Perubahan yang dialami oleh bahasa Indonesia merupakan suatu proses perubahan yang amat pesat. Beratus-ratus tahun bahasa Melayu, sebagai dasar bahasa Indonesia, berfungsi sebagai lingua franca di Nusantara. Perkembangan bahasa Indonesia yang semula merupakan bahasa Melayu di dalam kehidupan berbahasa kita pada masa-masa awal berfungsi sebagai bahasa penghubung (lingua franca).
Dari waktu ke waktu terjadilah perubahan sedemikian rupa sehingga bahasa Indonesia menjadi bahasa persatuan yang pada akhirnya menyandang fungsi sebagai bahasa ilmu pengetahuan dan teknologi.

Perubahan yang dialami oleh bahasa Indonesia merupakan suatu proses perubahan yang amat pesat. Oleh sebab itu, pada saat bangsa kita memerlukan sebuah bahasa nasional yang dapat dijadikan alat komunikasi secara nasional, penunjukan bahasa Melayu disetujui secara aklamasi. Bahasa Jawa, bahasa Sunda, bahasa Minangkabau, atau bahasa Batak yang jumlah pendukungnya jauh lebih besar daripada jumlah pendukung bahasa Melayu, dengan rela dan senang hati menerima putusan itu. Maka, pada tanggal 28 Oktober 1928 dicetuskanlah kedudukan bahasa Indonesia itu dalam suatu ikrar pemuda Indonesia yamg kita kenal dengan “Sumpah Pemuda” pada butir ketiga.
Secara lengkap dan ejaan yang asli butir-butir “Sumpah Pemuda” itu dapat Anda simak berikut ini.
~ Kami poetera dan poeteri Indonesia mengakoe bertoempah darah jang satoe, tanah
   Indonesia.
~ Kami poetera dan poeteri Indonesia mengakoe berbangsa jang satoe, bangsa Indonesia.
~ Kami poetera dan poeteri Indonesia mendjoendjoeng bahasa persatoean, bahasa  
   Indonesia.
           
 Butir ketiga dalam Sumpah Pemuda itu menjadi ketukan palu berubahnya bahasa Indonesia sebagai lingua franca kepada bahasa Indonesia sebagai bahasa persatuan. Perkembangan bahasa Melayu yang berubah menjadi bahasa Indonesia didasarkan pada segi politik  dan ekonomi. Bahasa yang dapat diangkat menjadi bahasa nasional adalah bahasa yang berfungsi di dalam dunia politik dan ekonomi. Bahkan, ketentuan itu dikuatkan lagi oleh kemampuan bahasa tersebut mengungkapkan nilai-nilai budaya dan sastra.
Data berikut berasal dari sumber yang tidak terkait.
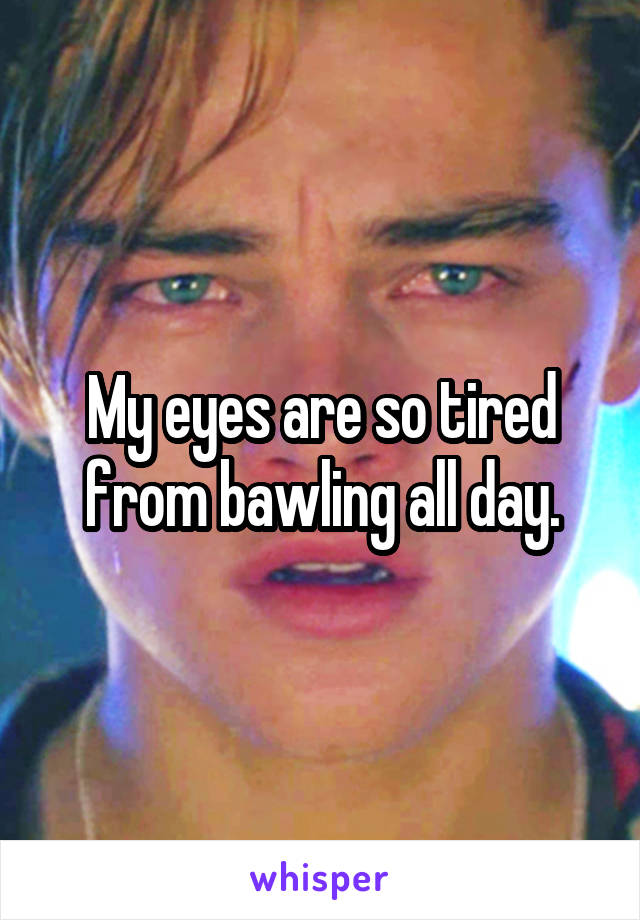 My eyes are so tired from bawling all day.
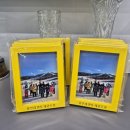 용인대 멘토 태권도장 이미지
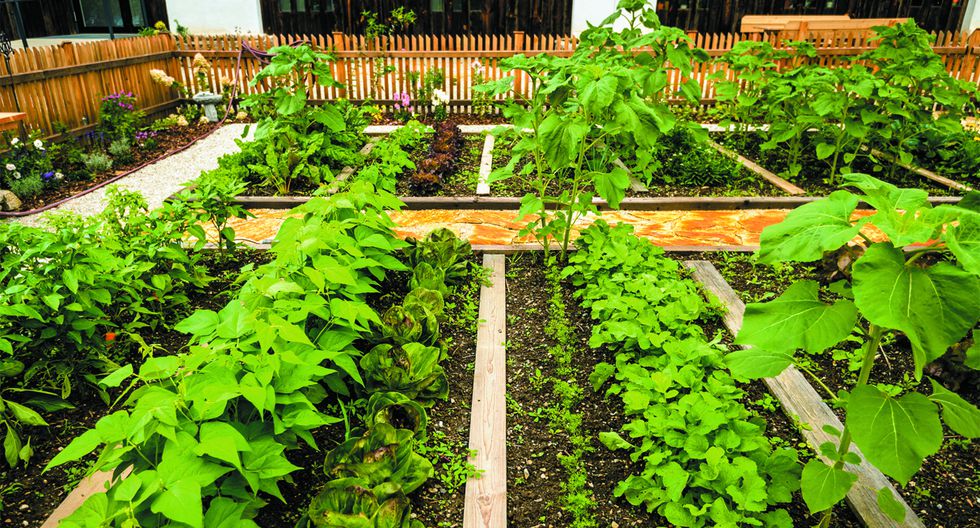¿QUE ES UN BIOHUERTO HUERTO? Un biohuerto es un pequeño terreno en el que se tiemblan todo tipo de hortalizas, hierbas aromáticas y medicinales sin utilizar insumos químicos para controlar las plagas o abonar la Tierra.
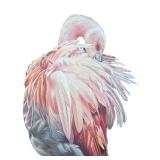 Original Flamingo Artwork - Framed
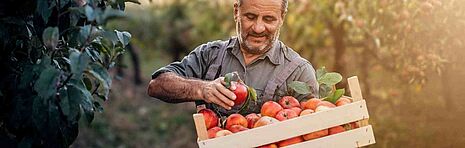 fazendeiro apanhando maças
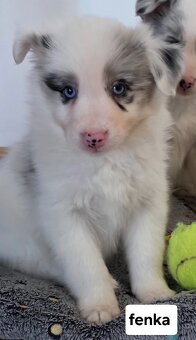 Border Collie, kólia - 2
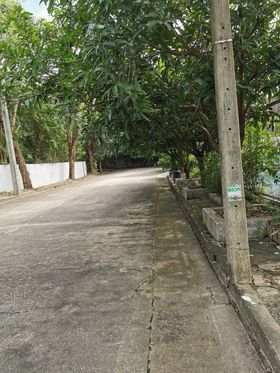 ที่ดิน ซอยราชพฤกษ์ 28 กทม 113 ตร.ว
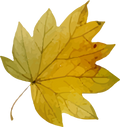 Collection B-Green Leaf Decal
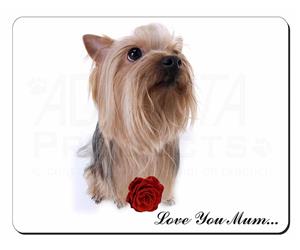 Yorkie with Rose 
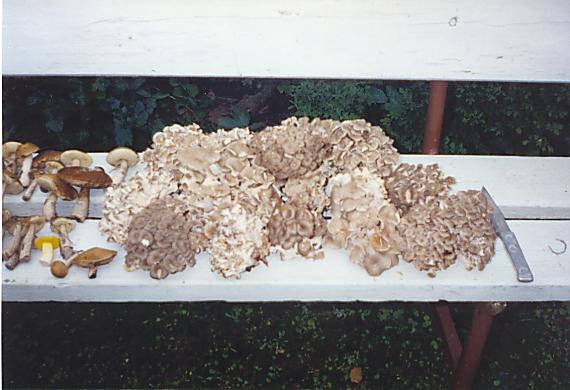 trúdnik klobúčkatý Polyporus umbellatus (Pers.) Fr.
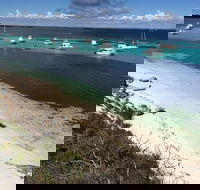 Experience Rottnest with Ferry  Bike Hire from Perth or Fremantle - Accommodation Daintree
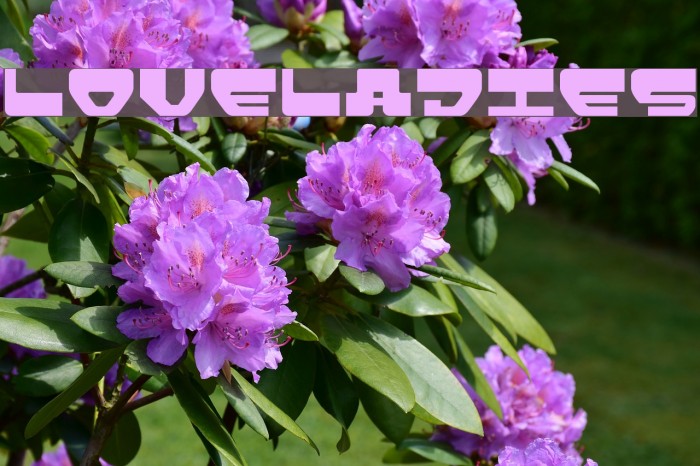 Loveladies Font examples
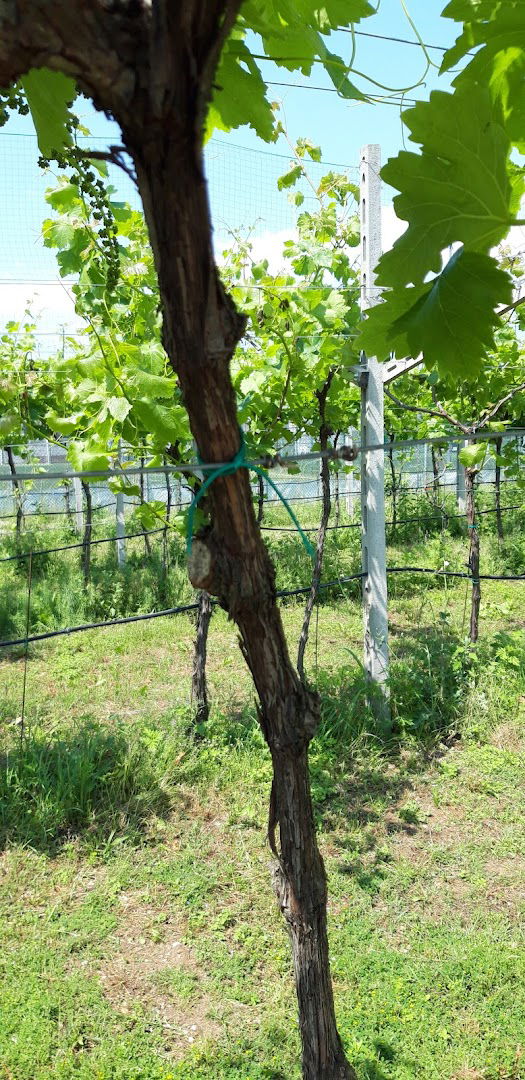 Agricola Valle Tagli S.R.L.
Hal itu terlihat pada lahirnya berbagai karya sastra jauh sebelum tanggal 28 Oktober 1928, seperti novel Siti Nurbaya (1922) karya Marah Rusli, dan novel Azab dan Sengsara (1918) karya Merari Siregar. Bahasa itu pula yang dipakai oleh Balai Pustaka sebagai satu-satunya penerbit pemerintah di Indonesia pada awal abad XX ini.

 PERKEMBANGAN EJAAN
        
Secara lengkap dapat dikatakan bahwa “ejaan” adalah keseluruhan peraturan bagaimana melambangkan bunyi-bunyi ujaran dan bagaimana antarhubungan di antara lambang-lambang itu (pemisah dan penggabungan dalam suatu bahasa). Secara teknis, ejaan adalah aturan tulis-menulis dalam suatu bahasa yang berhubungan dengan penulisan huruf, pemakaian huruf, penulisan kata, penulisan unsur serapan, serta penulisan dan pemakaian tanda baca.
Pertanyaan yang muncul adalah sebagai berikut; Apakah bahasa Indonesia sudah memiliki aksara sebelum diresmikan menjadi bahasa persatuan? Jawabnya adalah bahwa bahasa Melayu sudah memiliki aksara sejak beratus tahun yang lalu, yaitu aksara Arab-Melayu.
          
Aksara Arab-Melayu dipakai secara umum di daerah Melayu dan daerah-daerah yang telah menggunakan bahasa Melayu. Akan tetapi, terjadi kontak budaya dengan dunia Barat, sebagai akibat kedatangan orang Barat dalam menjajah di daerah Melayu itu, di sekolah-sekolah Melayu sudah digunakan aksara Latin yang penggunaannya tidak terpimpin.
          
Oleh sebab itu, Ch. A. Van Ophuijsen (seorang ahli bahasa dari Belanda) dibantu oleh dua orang pakar dari Melayu, yaitu Engkoe Nawawi gelar Soetan Ma’moer, dan Moehammad Taib Soetan Ibrahim, menggabungkan dasar-dasar ejaan Latin dan ejaan Belanda, sehingga berhasil membuat ejaan bahasa Melayu, yang ejaan tersebut lazim disebut sebagai Ejaan Van Ophuijsen. Ejaan tersebut diresmikan pemakaiannya pada tahun 1901.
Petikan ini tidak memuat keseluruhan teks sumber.